Es ging dem Herbst zu, da traf eines Tages ein Brief von ihm ein: um sich das Geld zu verschaffen, das er daheim zu einer Nordpolfahrt nicht hatte bekommen können, wollte er nun zuerst nach dem Südpol! Die Leute waren starr – sie wussten nicht, was sie sagen sollten. Zum Nordpol über den Südpol reisen! Dem Plan etwas so Großes und Neues hinzufügen, ohne erst um Erlaubnis zu fragen – das war unerhört! Einige fanden es großartig, anderen kam die Sache zweifelhaft vor, viele schrien, es sei ungehörig, pflichtvergessen – ja verschiedene wollten sogar, er solle zurückgehalten werden. Aber keine von diesen Äußerungen erreichte ihn. Er hatte seinen Kurs eingeschlagen, er selbst hatte ihn bestimmt, ohne einen Blick zurückzuwerfen.

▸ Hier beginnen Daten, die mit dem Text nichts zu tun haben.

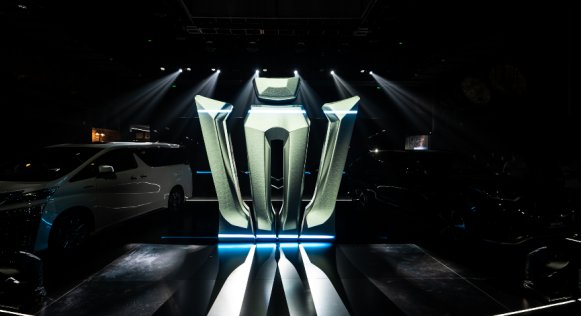 皇冠|“承经典 铸传奇”，看一汽丰田为皇冠赋予了哪些新的生机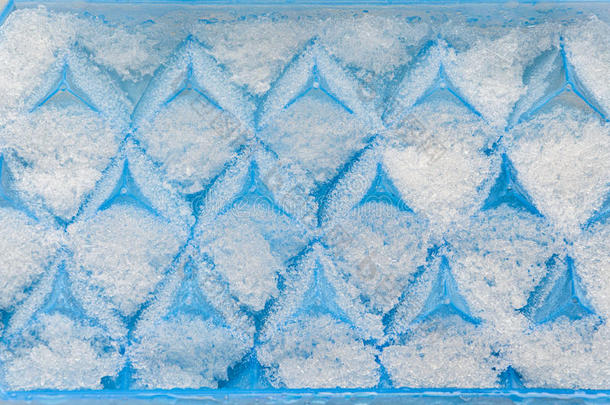 蓝色盘子为制造冰立方形的东西.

Dann wurde die Sache allmählich vergessen, jeder dachte wieder nur an seine eigenen Angelegenheiten. Nebel herrschte; Nebel tagaus tagein, Woche um Woche, der kleinen Menschen so wohltuende Nebels in dem alles verschwindet, was groß und hervorragend ist. Da – ganz unerwartet dringt die helle Frühlingssonne durch die Nebelschicht!

Eine neue Botschaft ist da! Die Leute waren wieder starr – sie sehen in die Höhe: Hoch über ihnen glänzt eine Tat, ein Mann – Jubel erfüllt die Herzen; – die Augen leuchten mit den Fahnen um die Wette.

Warum? Wegen der großen geographischen Entdeckungen? Wegen der wichtigen wissenschaftlichen Ausbeute? Ach nein – das kommt erst später und dringt nur zu den wenigen Sachkundigen! Aber das war es, was alle begriffen: Menschengeist und Menschenkraft hatten über Naturgewalt und Naturkräfte gesiegt – dies hebt die Menschen heraus, empor über das Grau des Alltags – es ist ein Ausblick auf schimmernde Fernen mit himmelhohen Bergen, die sich von einem frostblauen Himmel abheben, auf gletscherbedecktes Land von unermesslicher Ausdehnung – ein Märchen aus längst entschwundenen Eiszeiten – der Sieg der Lebendigen über das erstarrte Reich des Todes. Von eisernem, zielbewusstem Manneswillen tönt es – durch erstarrende Kälte, durch Schneestürme und Tod hindurch!

Denn diesen Sieg verdankt man nicht den großen Erfindungen der Gegenwart und den vielen neuen Hilfsmitteln auf allen Gebieten; die Mittel sind uralt, es sind dieselben, die der Nomade schon vor Tausenden von Jahren kannte, als er über Sibiriens und Nordeuropas Schneefelder dahinjagte. Aber alles, das Große und das Kleine war bis in alle Einzelheiten durchdacht – und der Plan wurde glänzend durchgeführt. Auf den Mann kommt es an; hier wie überall.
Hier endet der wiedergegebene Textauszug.